George Washington, Letter to Robert Morris (1786)

On March 30, 1786, Philip Dalby of Alexandria, VA published a notice in two Virginia newspapers entitled “A CAUTION to all TRAVELERS to PHILADELPHIA from the SOUTHERN STATES.” In it, he warns how the Society of Friends, or Quakers, in Philadelphia encourage the slaves of any who enter the city to seek freedom for themselves. He then recounts how his own accompanying slave was thus enticed and the resultant inconveniences and legal proceedings from being served with a writ of habeas corpus on account of that slave. George Washington, presumably upon reading Dalby’s notice, wrote this letter to Robert Morris, a prominent Pennsylvania politician. Morris wrote Washington two weeks later and informed him that the Pennsylvania court had decided in favor of Dalby, who had recovered his slave.

April 12, 1786

Dr Sir,

I give you the trouble of this letter at the instance of Mr Dalby of Alexandria; who is called to Philadelphia to attend what he conceives to be a vexatious law-suit respecting a slave of his, which a Society of Quakers in the City (formed for such purposes) have attempted to liberate. . . . [I]t should seem that this Society is not only acting repugnant to justice so far as its conduct concerns strangers, but, in my opinion extremely impolitickly with respect to the State—the City in particular; & without being able (but by Acts of tyranny & oppression) to accomplish their own ends. He says the conduct of this society is not sanctioned by Law . . .  and if the practice of this Society of which Mr Dalby speaks, is not discountenanced, none of those whose misfortune it is to have slaves as attendants will visit the City if they can possibly avoid it; because by so doing they hazard their property—or they must be at the expence (& this will not always succeed) of providing servants of another description for the trip.

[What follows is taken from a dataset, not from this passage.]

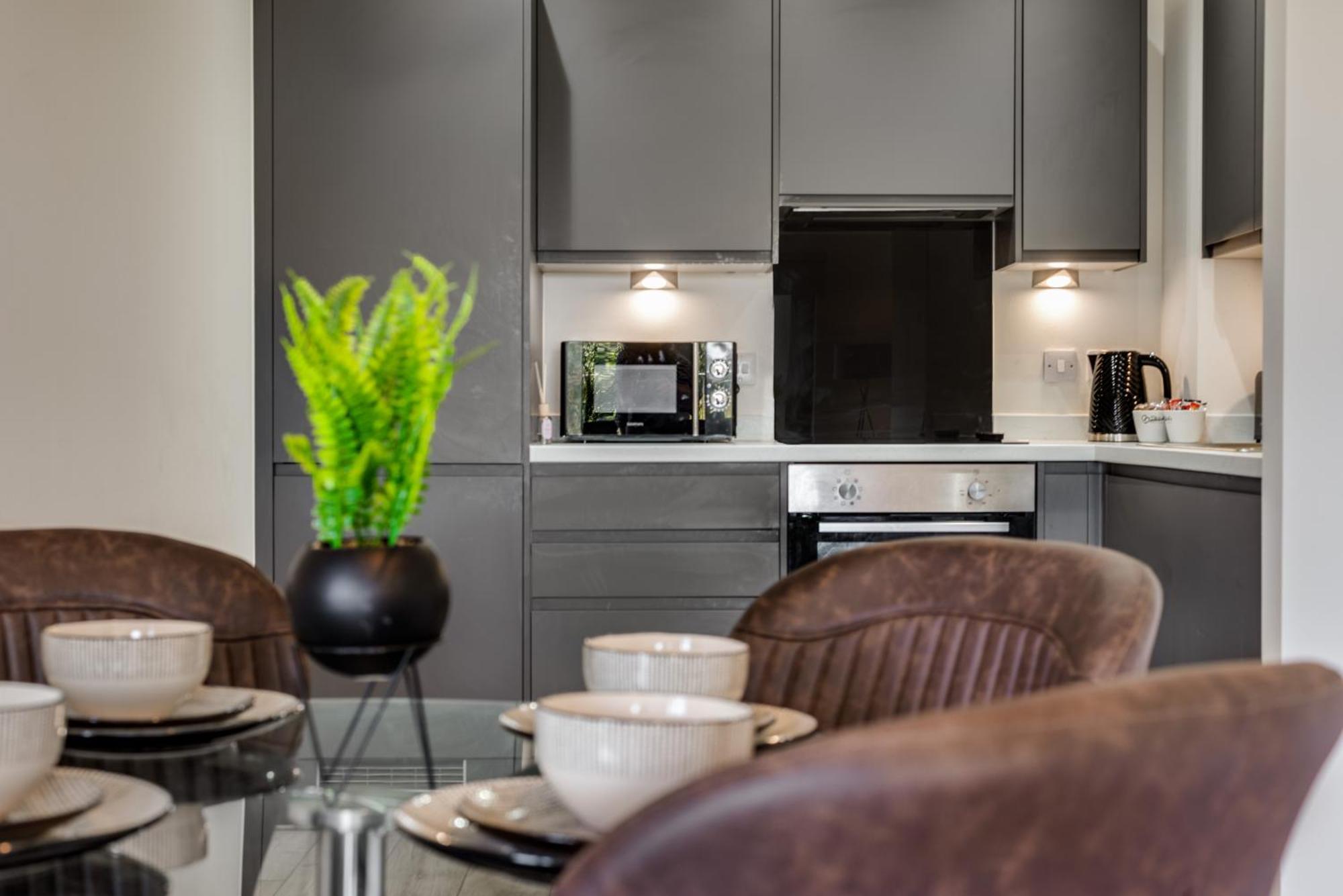 Huge Long Stay Offers! Lux City-Edge Stay! Perfect For Business & Leisure リヴァプール エクステリア 写真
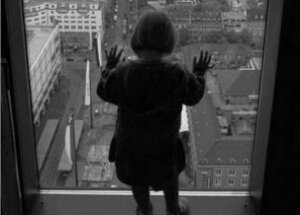 ​Шокирующий инцидент на востоке Москвы: из окна квартиры выпал 2-летний малыш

I hope it will not be conceived from these observations, that it is my wish to hold the unhappy people who are the subject of this letter, in slavery. I can only say that there is not a man living who wishes more sincerely than I do, to see a plan adopted for the abolition of it—but there is only one proper and effectual mode by which it can be accomplished, & that is by Legislative authority: and this, as far as my suffrage will go, shall never be wanting.

But when slaves who are happy & content to remain with their present masters, are tampered with & seduced to leave them; when masters are taken at unawar[e]s by these practices; when a conduct of this sort begets discontent on one side and resentment on the other, & when it happens to fall on a man whose purse will not measure with that of the Society, & he looses his property for want of means to defend it—it is oppression in the latter case, & not humanity in any; because it introduces more evils than it can cure. . . .

G: Washington

Volume II Chapter 3: Rights Under the Constitution

Chapter 3: Rights Under the Constitution

  1. Rights and the Founding (No online content)
  2. The Fourteenth Amendment (No online content)
  3. Due Process and the Bill of Rights (No online content)
  4. Rights During Wartime and Other Emergencies
    1. Ex parte Milligan (1866)
    2. Korematsu v. United States (1944)
    3. Hamdi v. Rumsfeld (2004)
    4. Boumediene v. Bush (2008)
    5. Roman Catholic Diocese of Brooklyn v. Cuomo (2020)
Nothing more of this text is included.